An agency is required “to make a good faith effort to conduct a search for the requested records, using methods which can reasonably be expected to produce the information requested.” Int’l Trade Overseas, Inc. v. Agency for Intern. Dev., 688 F.Supp. 33, 36 (D.D.C. 1988) (quoting Marrera v. Dep't of Justice, 622 F.Supp. 51, 54 (D.D.C. 1985)) (other citations omitted). In determining the adequacy of a FOIA search, the Court is guided by principles of reasonableness. Id. (citing Weisberg v. Dep't of Justice, 745 F.2d 1476, 1485 (D.C. Cir. 1984)). Because the agency is the possessor of the records and is responsible for conducting the search, the Court may rely on "[a] reasonably detailed affidavit, setting forth the search terms and the type of search performed, and averring that all files likely to contain responsive materials (if such records exist) were searched." Valencia-Lucena v. United States Coast Guard, 180 F.3d 321, 326 (D.C. Cir. 1999) (citations omitted).

"Once the agency has shown that its search was reasonable, the burden shifts to [the plaintiff] to rebut [the defendant's] evidence by a showing that the search was not conducted in good faith." Moore v. Aspin, 916 F.Supp. 32, 35 (D.D.C. 1996) (citing Miller v. U.S. Dep't of State, 779 F.2d 1378, 1383 (8th Cir. 1985)). Summary judgment is inappropriate “if a review of the record raises substantial doubt” about the adequacy of the search. Valencia-Lucena , 180 F.3d at 326 (citing Founding Church of Scientology v. Nat’l Security Agency, 610 F.2d 824, 837 (D.C. Cir. 1979)). However, “the [single] fact that a particular document was not found does not demonstrate the inadequacy of a search.” Boyd v. Crim. Div. of U.S. Dept. of Justice, 475 F.3d 381, 390 -391 (D.C. Cir. 2007) (citations omitted).

DISCUSSION

Plaintiff questioned the adequacy of ATF’s search because the records he received did not include a specific lab report and related documents “that would be labeled as exhibit no. 1 . . . .” Mem. Op. [Dkt. # 28] at 12. The Court denied ATF’s initial summary judgment motion in part because it had provided no evidence to permit a meaningful assessment of its search. Id. In support of the instant motion, ATF has proffered the Second Declaration of Peter J. Chisholm [Dkt. # 32-3], who adequately describes the filing systems that were searched and the search methods employed. See id. ¶¶ 4-8. Chisholm explains that any responsive records were most likely to be found in the TECS database because it “contains the names of the individuals ATF has investigated, ” id. ¶ 6, and a search by plaintiff’s full name indeed located plaintiff’s “Criminal Investigation Number” and responsive records. Id. ¶ 8.

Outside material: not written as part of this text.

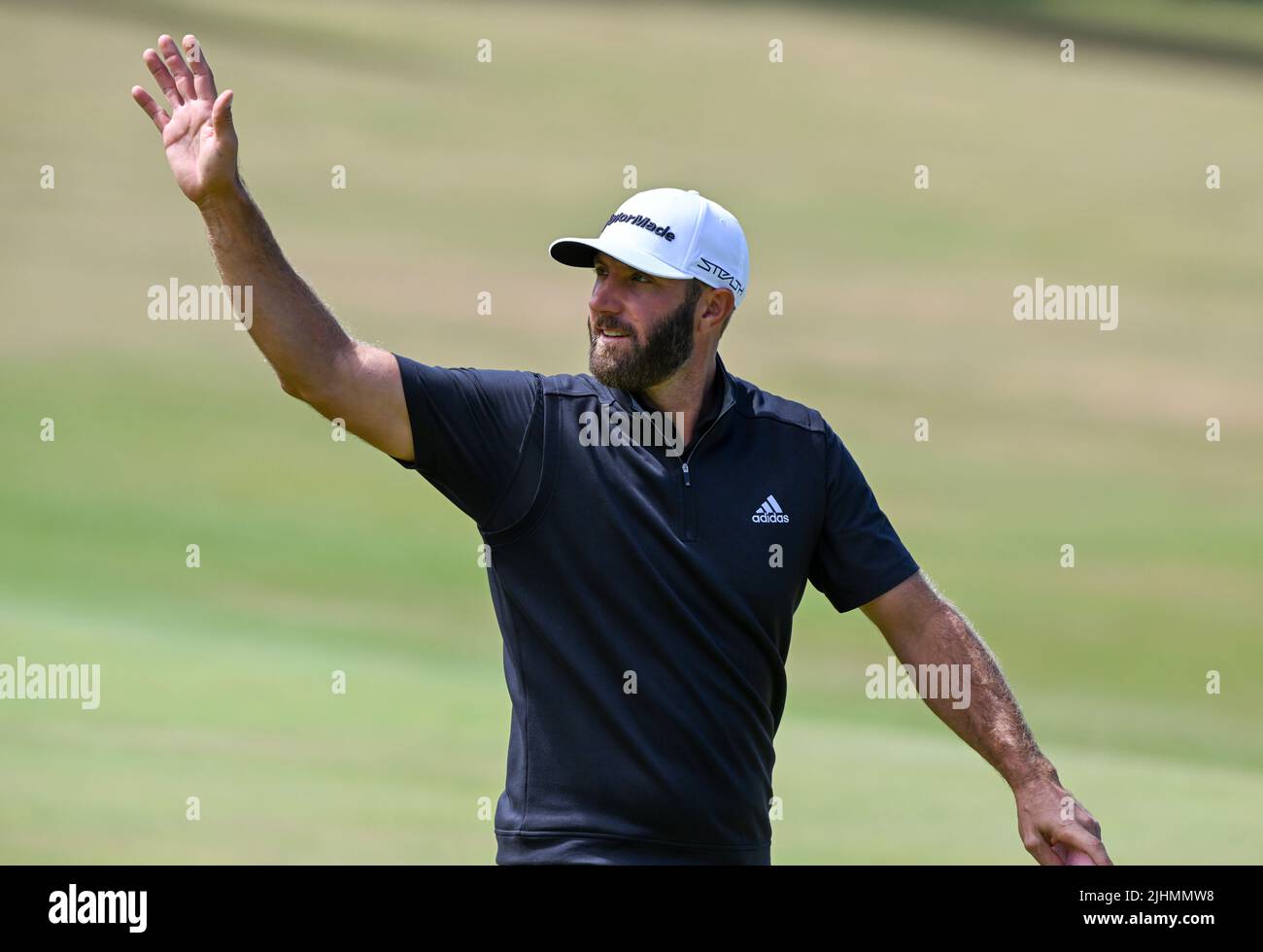 150th Open GolfChampionships, St Andrews, July 15th 2022 Dustin Johnson (USA) waves to crowd after finishing his second round at the Old Course, St An Stock Photo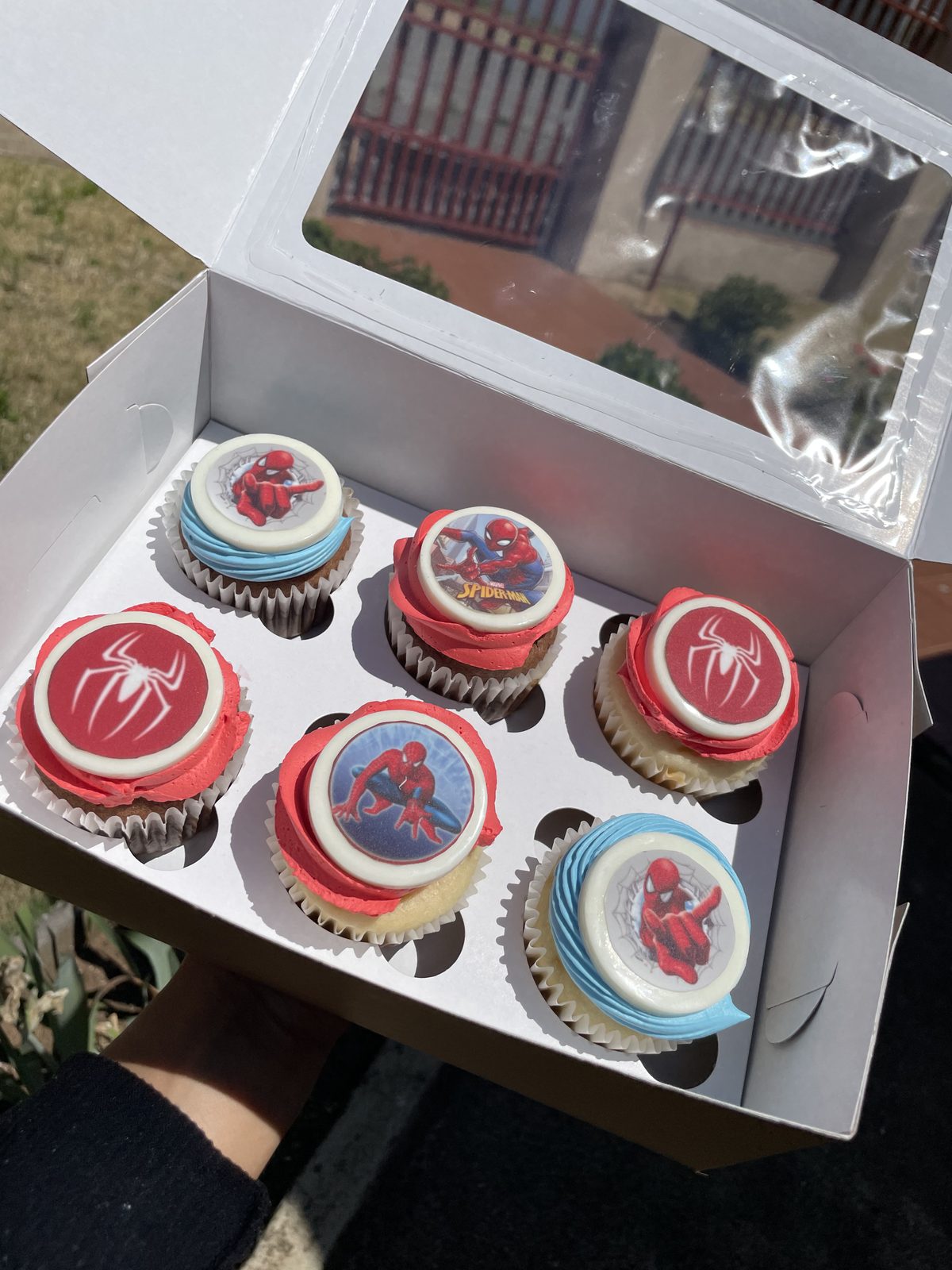 Box of pink and red decorated cupcakes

As to the alleged missing exhibit, Chisholm agrees that while ATF’s release included “various” DEA lab reports that “begin with the designation ‘Exh. No. 2’ and continue sequentially to ‘Exh. No. 6, ’ ” it did not include “ ‘Exh. No. 1.’ ” Id. ¶ 10. During the course of this litigation, ATF conducted an additional search but “the case agent confirmed that ATF does not possess a copy of ‘Exh. No. 1, ’ to the extent that such a report ever existed.” Id. Defendant subsequently discovered that Exhibit 1 was “collected as part of a prior investigation” but was destroyed “pursuant to agency destruction of property policy” on March 28, 2005, after the investigation was closed, and approximately five years before plaintiff submitted his FOIA request in September 2010. Decl. of Stephanie M. Boucher ¶¶ 6-7 [Dkt. # 39-1].

An agency satisfies its disclosure obligations under the FOIA when it has conducted an adequate search and released all non-exempt responsive records in its control at the time of the FOIA request. See Judicial Watch v. U.S. Secret Serv., --- F.3d. ---, No. 11-5282, 2013 WL 4608141, at *5 (D.C. Cir. Aug. 30, 2013) (“[T]he term ‘agency records’ extends only to those documents that an agency both (1) create[s] or obtain [s], and (2) controls] . . . at the time the FOIA request [was] made.”) (quoting U.S. Dep¬ít of Justice v. Tax Analysts, 492 U.S. 136, 144-45 (1989)) (internal quotation marks omitted) (alterations in original). The Court finds that ATF conducted an adequate search for responsive records and is now entitled to summary judgment. A separate final order accompanies this Memorandum Opinion.